## Work to complete:
Every line below should come back exactly as written, though the pictures stay out.

[Saved entries]
──────────────────────────────

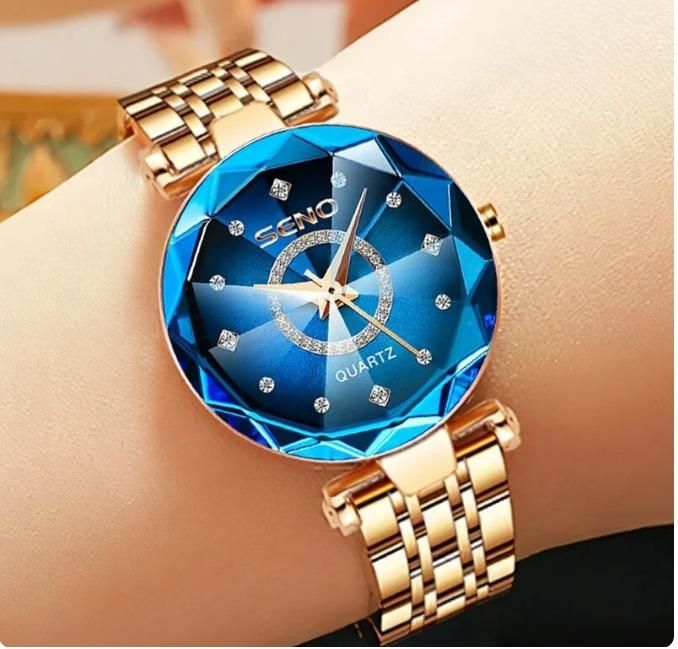 Diamond Shape Multicolour Dial & Rose Gold Strap Watch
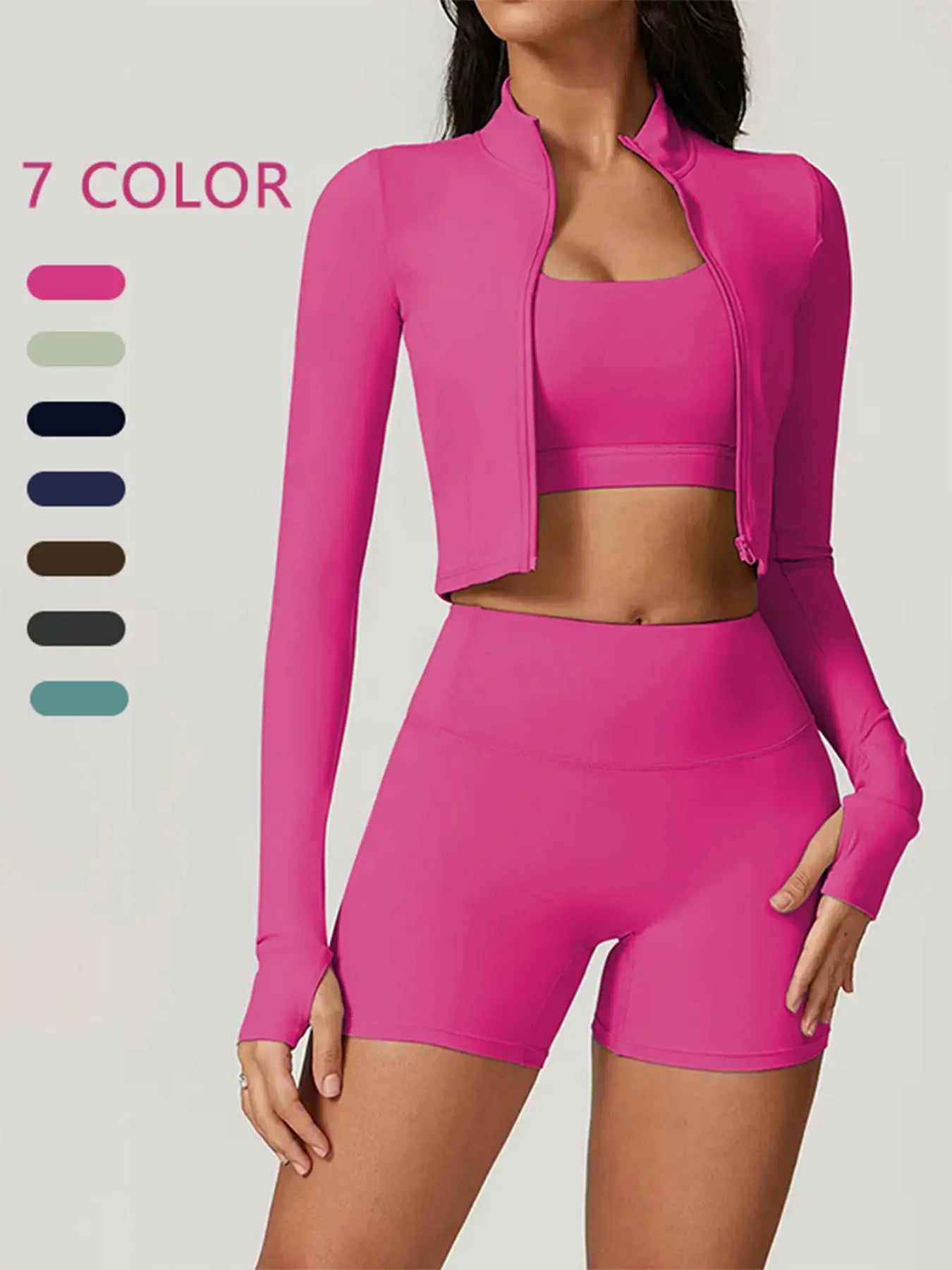 Cloud Sensing Outdoor Sporty Yoga Suit, Bare Feel Fitness Wear, Shockproof High Waist, Sleeveless Long Sleeve Jacket, Short Pants Set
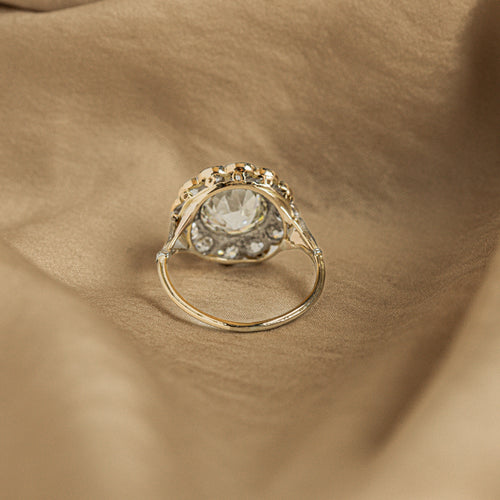 2.13 Carat Old European Diamond Cluster Ring in 18K Yellow Gold Platinum GIA Certified - Queen May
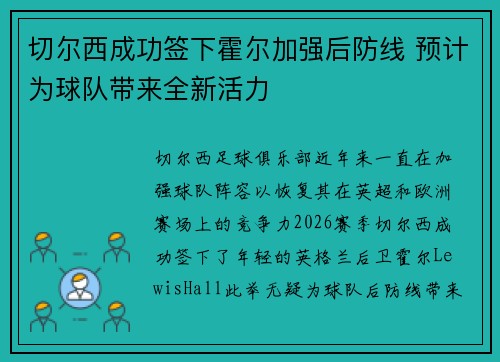 切尔西成功签下霍尔加强后防线 预计为球队带来全新活力 切尔西成功签下霍尔加强后防线 预计为球队带来全新活力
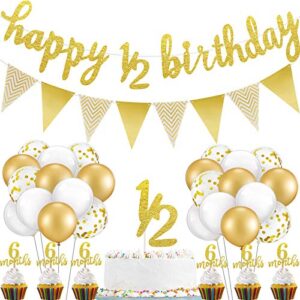 skylety 51 pieces 6 months birthday decorations happy half birthday banner 6 month cupcake topper pick 1/2 half year cake topper triangle flag banner confetti balloons for girl boy baby shower (gold)
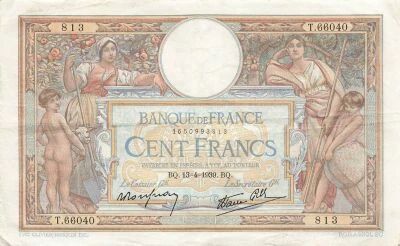 France 100 francs - Luc Olivier Merson - 13-04-1939 - S�rie T.66040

──────────────────────────────

## Answer space:
 Diamond Shape Multicolour Dial & Rose Gold Strap Watch
 Cloud Sensing Outdoor Sporty Yoga Suit, Bare Feel Fitness Wear, Shockproof High Waist, Sleeveless Long Sleeve Jacket, Short Pants Set
 2.13 Carat Old European Diamond Cluster Ring in 18K Yellow Gold Platinum GIA Certified - Queen May
 切尔西成功签下霍尔加强后防线 预计为球队带来全新活力 切尔西成功签下霍尔加强后防线 预计为球队带来全新活力
 skylety 51 pieces 6 months birthday decorations happy half birthday banner 6 month cupcake topper pick 1/2 half year cake topper triangle flag banner confetti balloons for girl boy baby shower (gold)
 France 100 francs - Luc Olivier Merson - 13-04-1939 - S�rie T.66040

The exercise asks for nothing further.